===== GIVEN ENTRIES

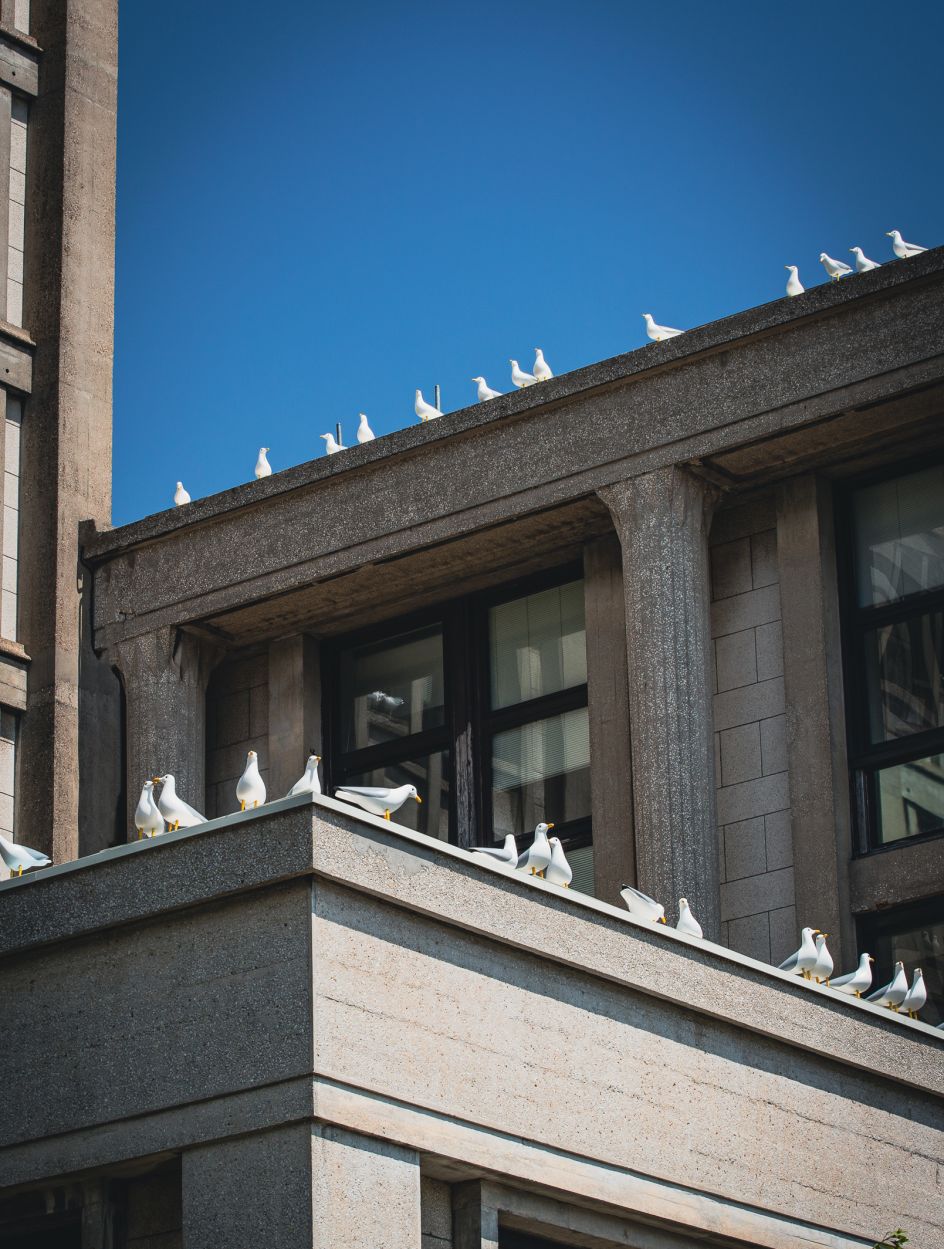 Sense of Belonging © Patrick Murhpy. Photography by Arnaud Tinel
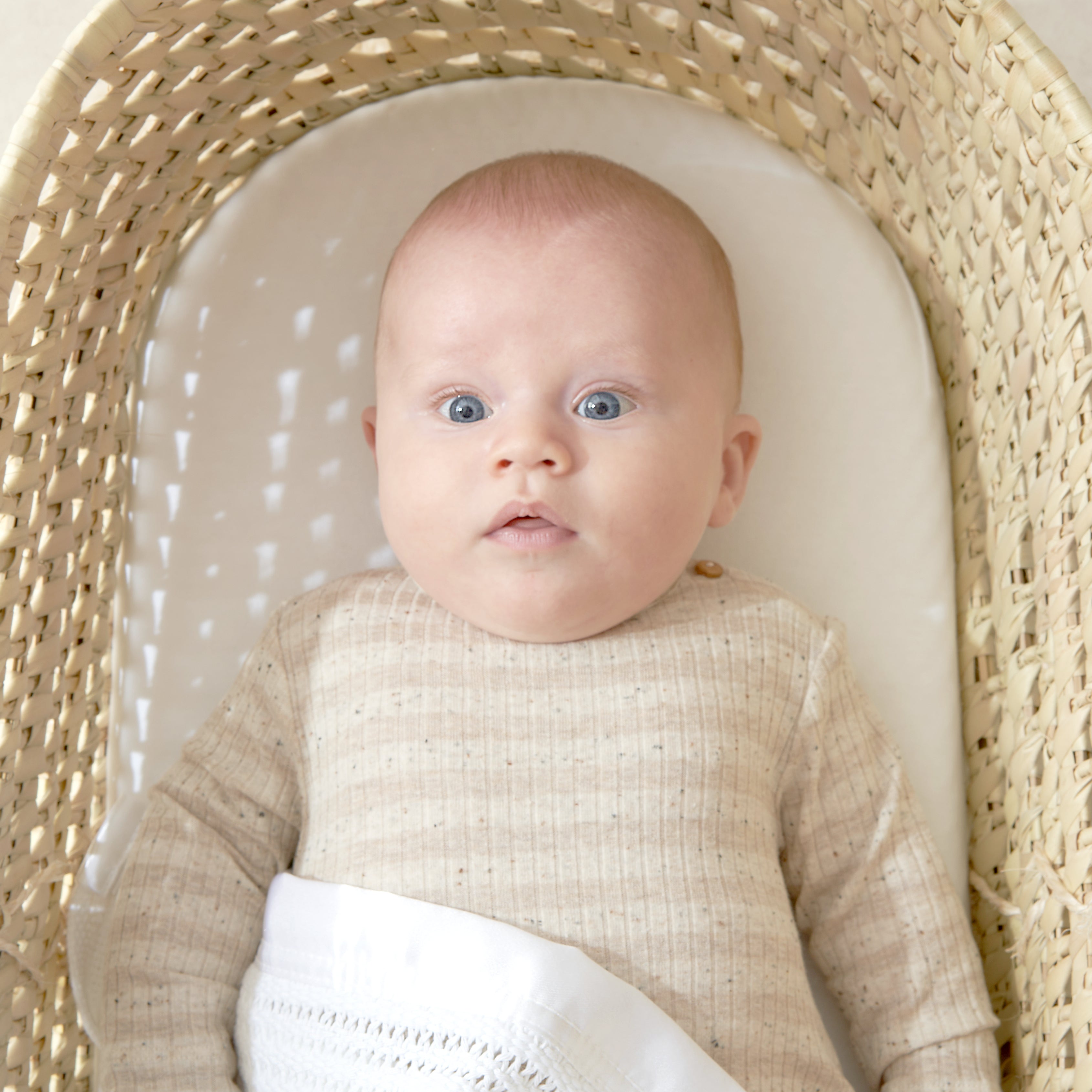 Tiny Dreamer Natural™ - Coconut Coir & 100% Wool Moses Basket Mattress - 74 x 28cm - The Tiny Bed Company™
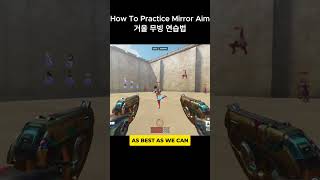 How To Practice Mirror Aim [upl. by Silvana]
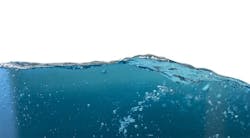 65e7336d1f04ab001e1d9721 Drinkingwater 42 65e7336d1f04ab001e1d9721 Drinkingwater 42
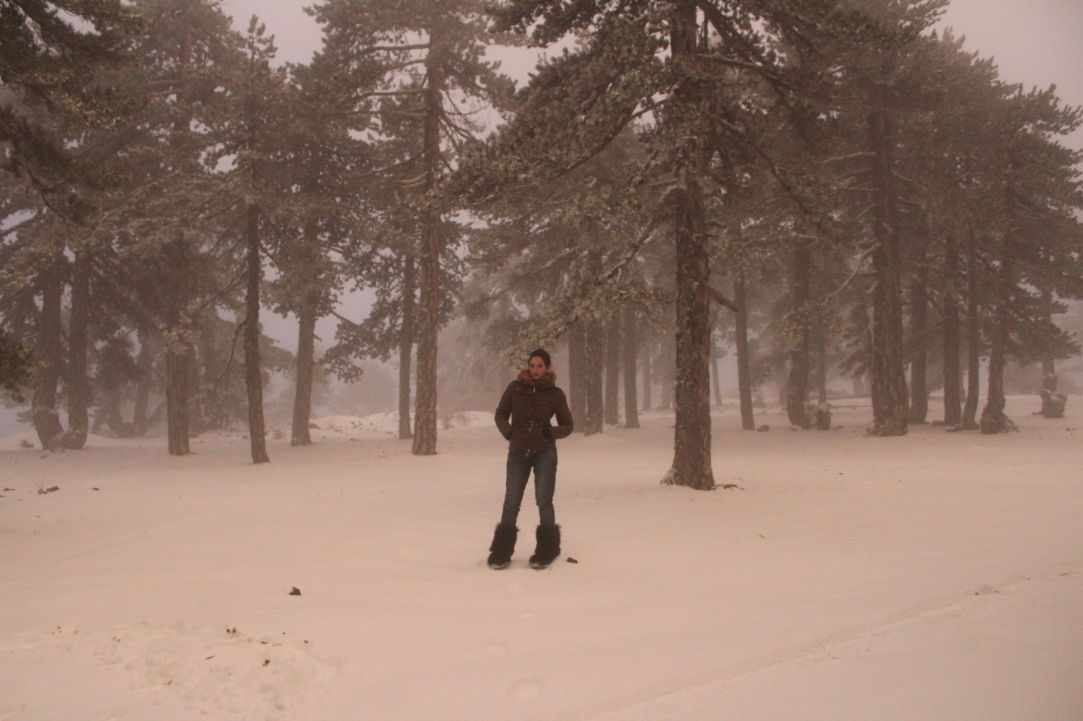 Snowy Mountains of Troodos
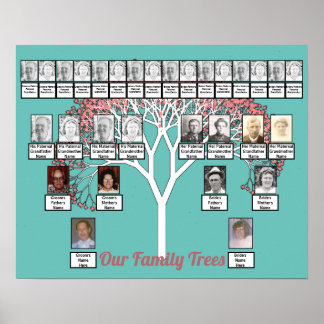 Rosa Blommar Fractal Träd Teal 2 Family Träd Poster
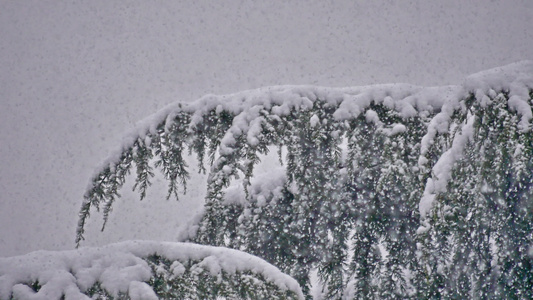 松树的果实降下大雪视频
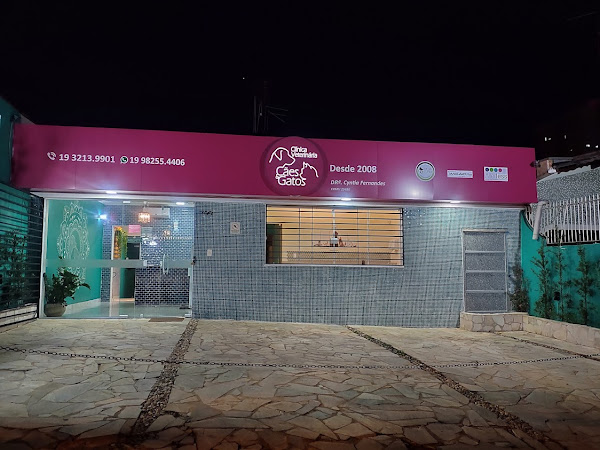 Foto 1 Clinica Veterinaria Cães & Gatos Dra Cyntia Fernandes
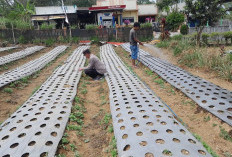Polsek Nongkojajar Pasuruan Dampingi Petani Bawang Putih Tlogosari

==========

Copy every record exactly as it appears, apart from any pictures.

 Sense of Belonging © Patrick Murhpy. Photography by Arnaud Tinel
 Tiny Dreamer Natural™ - Coconut Coir & 100% Wool Moses Basket Mattress - 74 x 28cm - The Tiny Bed Company™
 How To Practice Mirror Aim [upl. by Silvana]
 65e7336d1f04ab001e1d9721 Drinkingwater 42 65e7336d1f04ab001e1d9721 Drinkingwater 42
 Snowy Mountains of Troodos
 Rosa Blommar Fractal Träd Teal 2 Family Träd Poster
 松树的果实降下大雪视频
 Foto 1 Clinica Veterinaria Cães & Gatos Dra Cyntia Fernandes
Polsek Nongkojajar Pasuruan Dampingi Petani Bawang Putih Tlogosari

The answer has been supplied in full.